Concurrent with signing the Agreement, Goldrich formed the Goldrich Placer LLC subsidiary and entered into a lease agreement (the “Lease”) with Goldrich Placer LLC for the exclusive right and license to explore for, develop, mine and control all placer gold located on or extracted from all of Goldrich’s mining claims at its Chandalar property. The Lease then includes an assignment of rights, title, interest responsibilities and obligations under the lease to GNP. The Lease shall continue until the cessation of operations, as defined in the Lease, or dissolution of GNP. The annual payment from Goldrich Placer LLC to Goldrich under the Lease is ten dollars ($10). Under terms of the operating agreement, GNP must meet minimum investment and production requirements.




20





NyacAU’s funding includes an effectively non-interest bearing loan to GNP, sufficient in amount to bring the placers at Chandalar into commercial production. This amount is currently estimated to total $7.2 million, subject to timing of production, consisting of approximately $3.6 million for start-up costs, $2.4 million for capital expenditures for mining equipment as well as $1.2 million loaned to GNP and then paid to Goldrich to purchase mining equipment currently owned by Goldrich. Upon completion of loan advances, Goldrich will be secondarily responsible for repayment of 50% of the loan balances as a result of its 50% ownership of GNP, and repayment will be effected by distributing Goldrich’s portion of GNP earnings to NyacAU until the loan is paid in full. The loan will earn interest to NyacAU at the applicable short-term federal rate, currently 0.25%, but is effectively a non-interest bearing loan from Goldrich’s standpoint, as Goldrich will receive a special payment from GNP equal to the interest paid by GNP to NyacAU for Goldrich’s 50% ownership share of this loan. NyacAU has also agreed to advance Goldrich $0.95 million at the greater of prime plus 2% or 10% interest for direct drilling costs as part of Goldrich’s 2012 exploration program with Blackrock Drilling, a drilling company in which the owners of NyacAU have a majority interest. The balance of the funding package, $0.35 million, is to be provided by an equity financing for the purchase shares of Goldrich’s common stock by NyacAU. The price per share in the equity financing is $0.148 per share, the 90-day weighted volume average price of Goldrich stock on the last business day proceeding the signing of the definitive documents for the joint venture agreement.

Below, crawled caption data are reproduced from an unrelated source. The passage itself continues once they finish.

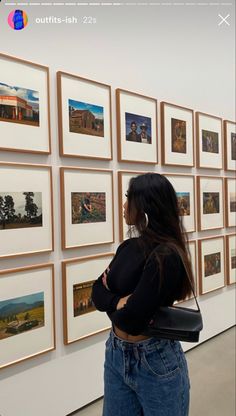 a woman standing in front of a wall with pictures on it and looking at them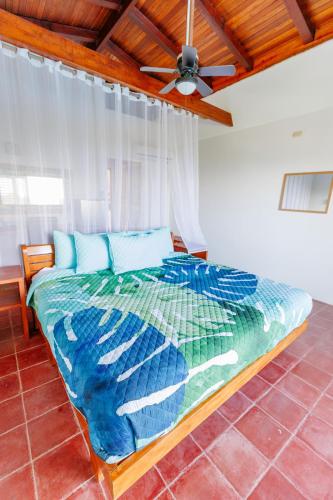 a bed in a room with a ceiling fan at Hotel Planeta Sano in Manuel Antonio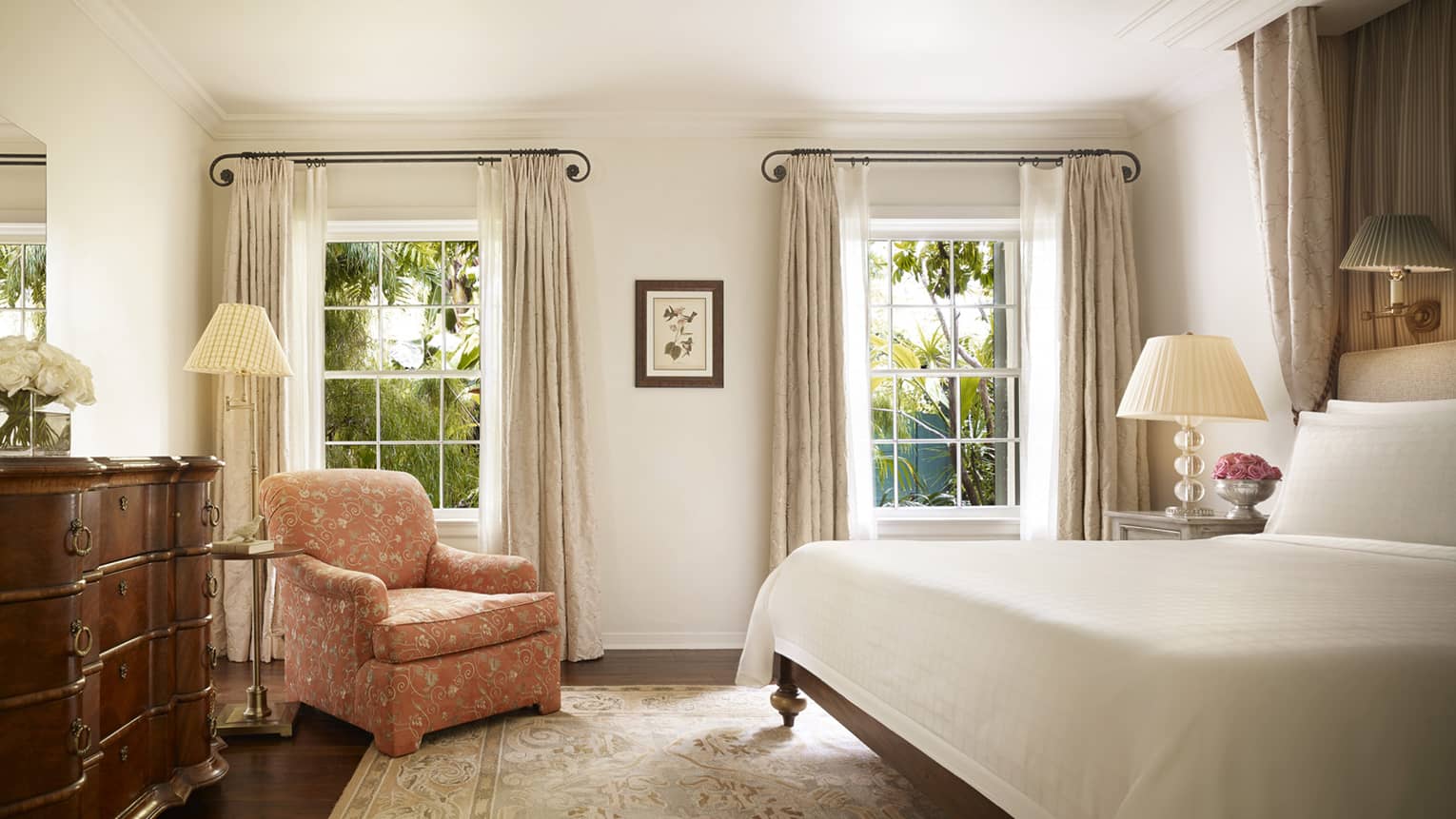 Wood dresser, pink floral armchair by tall sunny windows, nightstand and bed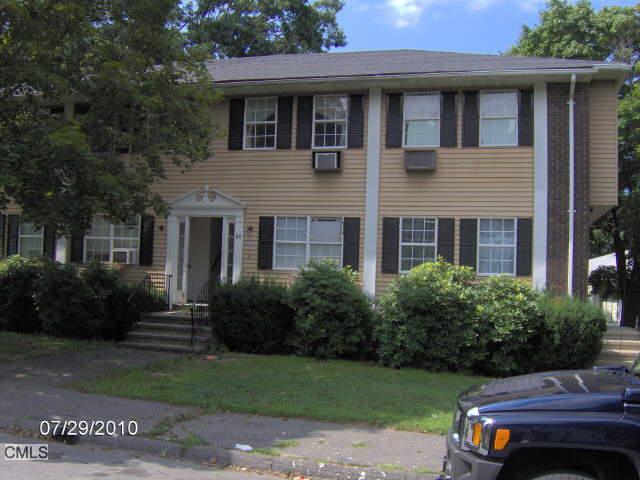 84 Angel Drive, Unit C Waterbury, CT 06708 - Photo 1 of 1 a front view of a house with garden and porch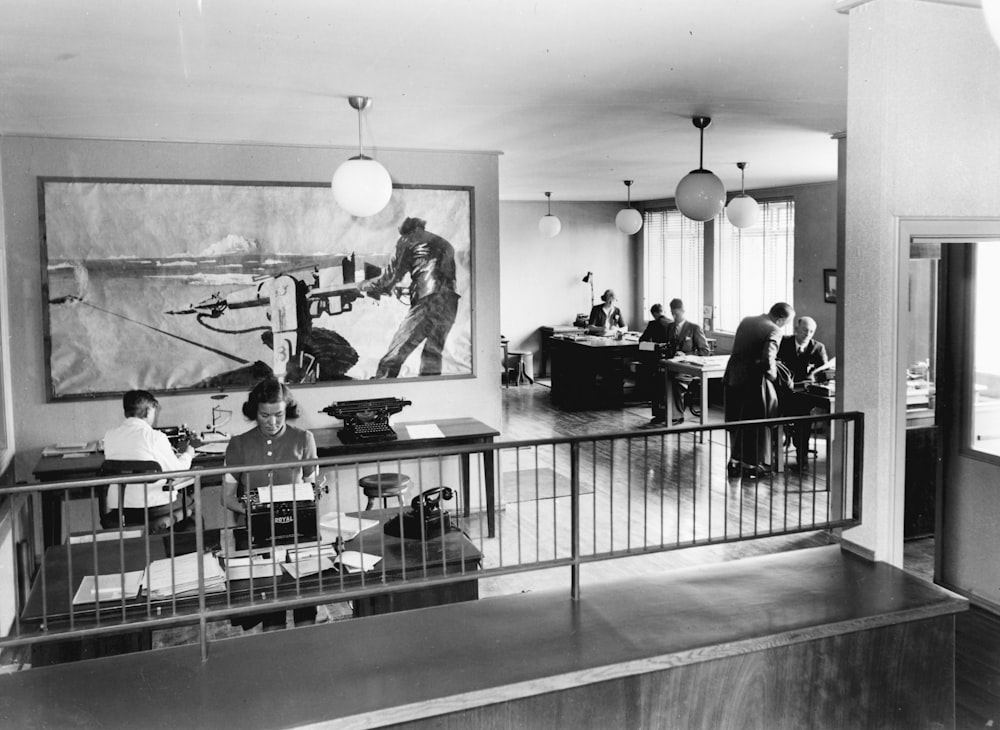 a black and white photo of people in a room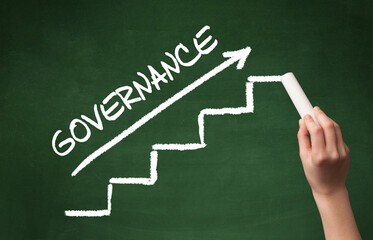 Hand drawing GOVERNANCE inscription with white chalk on blackboard, business concept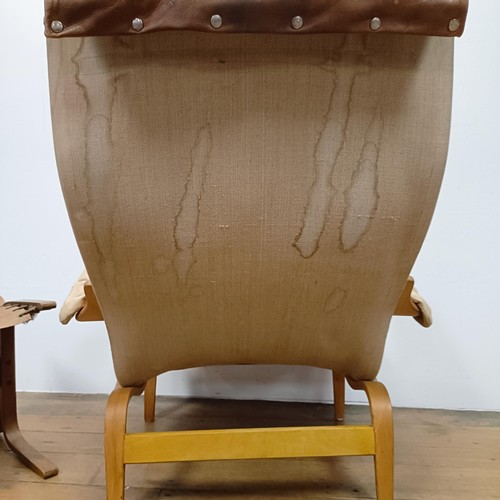 434 - A Bruno Mathsson Pernilla style bentwood armchair, with a leather button back and seat, a matching s... 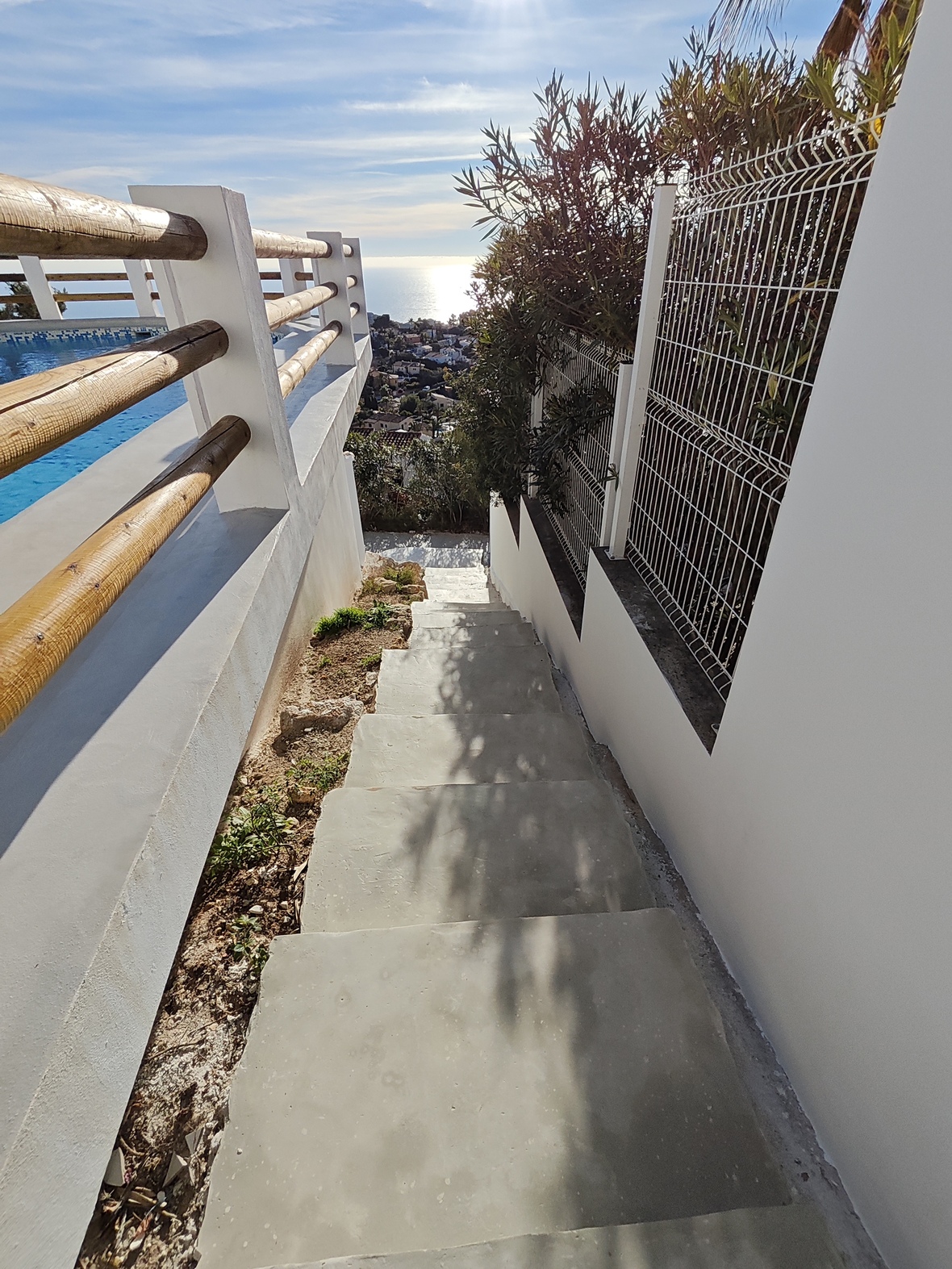 Außentreppe aus Beton mit Holzgeländer und weißen Wänden, die einen Blick auf den Pool und die Mittelmeerküste bei Tageslicht bietet.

A summary of the financing package is as follows:


Estimated 2012 Start-up Costs funding to GNP

 $3,600,000

Estimated Capital Expenditures through GNP

 2,400,000

Estimated Purchase of Equipment from Goldrich through GNP

 1,200,000

   Total Loan from NyacAU to GNP with Interest at 0.25%, for which Goldrich is 50% secondarily responsible as a result of its 50% ownership of GNP. Goldrich’s share of future distributions from GNP income totaling $3,600,000 will be made to NyacAU to satisfy this loan.

 7,200,000

Loan from NyacAU to Goldrich with Interest at greater of prime plus 2% or 10% for exploration drilling. Goldrich’s share of future distributions from GNP income totaling $950,000 will be made to NyacAU to satisfy this loan.

 950,000

 

To Be Paid Back by GNP From Production, a total of $4,550,000 will be made from Goldrich’s share of future distributions of GNP income

 8,150,000

 

 

 

Equity Financing - Purchase shares of Goldrich’s Common Stock

 350,000

 

Total Financing, of which $2,500,000 will be received by Goldrich to finance its 2012 exploration program and general corporate expenses

 $8,500,000


The total amount financed by NyacAU will be affected by timing of payback from production. GNP will commence payments to NyacAU as soon as production begins. Subject to permitting, preparation for mining is expected to begin in June 2012. Production is anticipated to begin by June 2013, although it may begin as early as the summer of 2012. The operating season for placer mining in Alaska is generally mid-June through mid-September subject to weather. GNP anticipates eventual production of approximately 10,000 ounces of fine gold per season, but this could be significantly increased if a second wash plant is put into production. Goldrich has not defined a mineral reserve according to SEC Industry Guide 7 criteria. However, based on drilling of the placer to date and the anticipated production rate, Goldrich estimates the mine life will be approximately 25 years and believes this may also be significantly extended with additional drilling.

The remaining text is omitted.